Cahit UYANIK
Türkiye'nin bir türlü çözülemeyen sorunlarından birisi, bölgeler arası kalkınmışlık farkları. Bu konuda onlarca yıldır çok çeşitli çözüm paketleri değişik hükümetler tarafından açıldı ve uygulandı. Ancak elde edilen sonuçlar pek iç açıcı değil. Özellikle Doğu ve Güneydoğu Anadolu bölgelerine yönelik yatırım teşviklerinin işe yaradığını söylemek çok zor. "Üstüne para verilerek" de olsa yatırımcıların bu bölgelere gitmesi sağlanamıyor.
Geçtiğimiz günlerde bu konuda Türkiye Ekonomik ve Sosyal Etüdler Vakfının (TESEV) Birleşmiş Milletler Kalkınma Programı (UNDP) ile ortaklaşa yaptığı oldukça kapsamlı bir çalışma kamuoyuna açıklandı. "Doğu ve Güneydoğu Anadolu'da Sosyal ve Ekonomik Öncelikler" adını taşıyan bu çalışma, bir sivil toplum kuruluşunun ve bölgesel kalkınma konusunda uluslararası tecrübeye sahip bir kuruluş tarafından açıklanan çok geniş kapsamlı öneriler dizisi olması nedeniyle, şimdiye kadar hep hükümetlerin ve devletin geliştirerek açıkladığı paketlerden farklı bir görünüm veriyor. Neden mi?

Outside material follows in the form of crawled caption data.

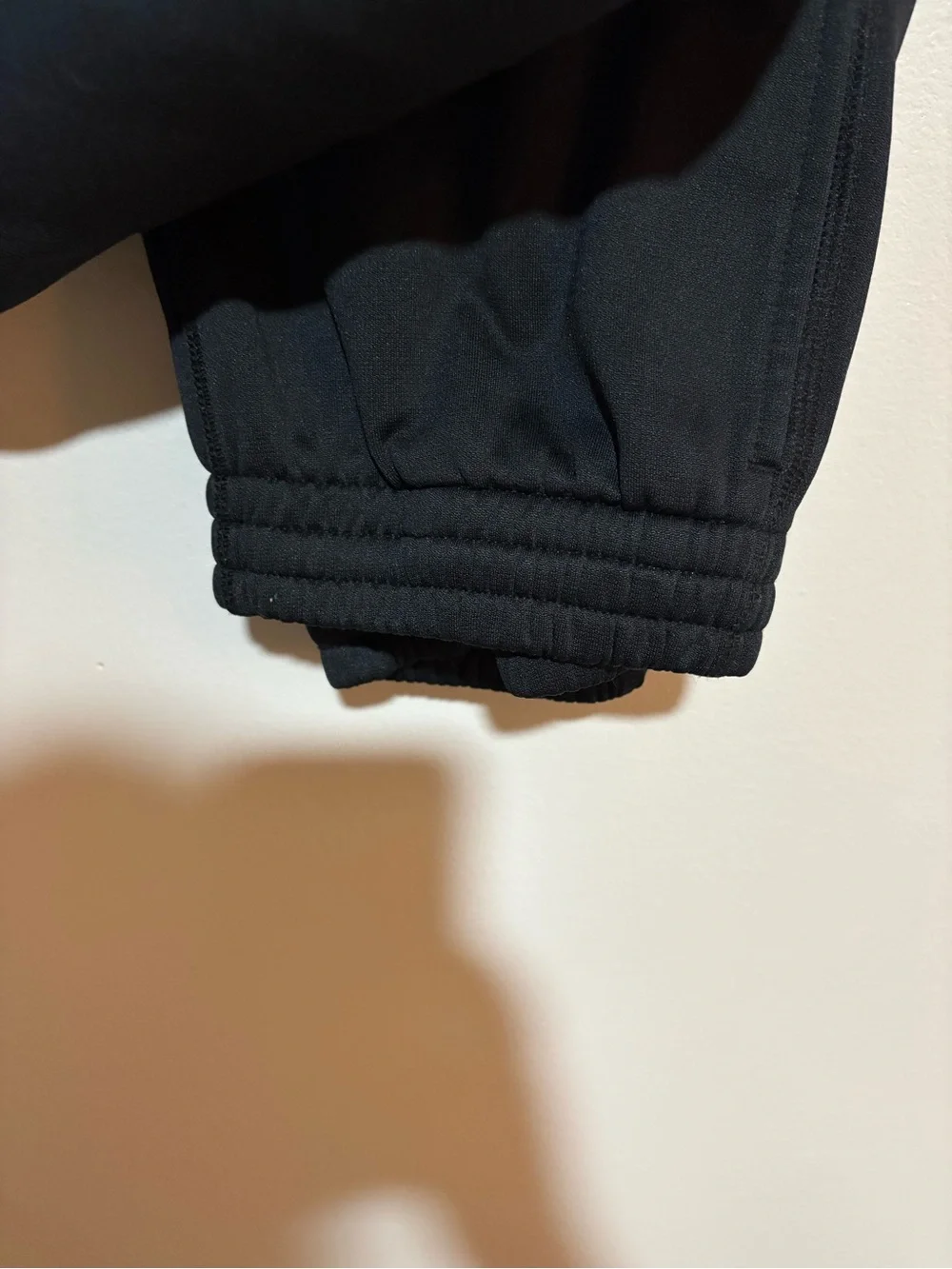 Nike detail featuring
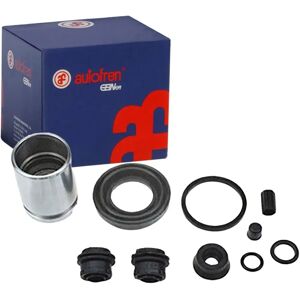 Kit di riparazione del pistone del freno posteriore Autofren Seinsa per Alfa Romeo, VW, Peugeot Kit di riparazione del pistone del freno posteriore Autofren Seinsa per Alfa Romeo, VW, Peugeot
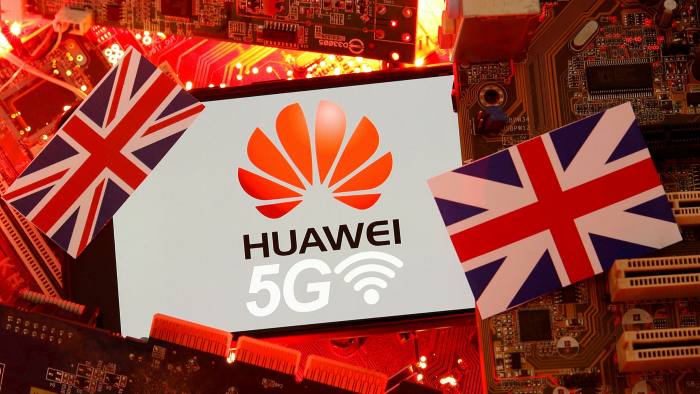 Britania e Madhe kufizon rrjetin 5G, goditje ndaj Kinës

Çalışma, mevcut teşviklerin Doğu ve Güneydoğu Bölgesine bir katkısının mümkün olmadığını ve bunun yerine bölgesel, sektörel ve hatta alt sektör bazında teşvik verilmesini öneriyor. UNDP ve TESEV bölge ekonomisinin sorunlarının 'bölge dışından yatırımcı çekmeye yönelik büyük ölçekli bir sanayi hamlesi' ile de aşılabileceğine inanmıyor. İki kurum, bunun yerine bölgedeki talebe yönelen, girişimcilik kültürünü geliştirecek, daha küçük ve orta ölçekli işletmeler için planlanacak teşvik politikalarının kısa vadede daha işlevsel olabileceğini öneriyor. Oysa daha önce açıklanan teşviklerin hemen hepsi "Türkiye'nin Batısına değil Doğusuna yatırım yaparsanız düşük faizli kredilerden yararlanabilirsiniz. Yatırım işletmeye alındığında ise uygun vergi ve sigorta primi indirimlerinin yararlanabilirsiniz" mantığına dayanıyordu. Ama işe yaramadığı görüldü. Şimdi bu mantığın tamamen terk edilerek küçük ve orta boy işletmelere yönelik bir politikaya dönüş öneriliyor.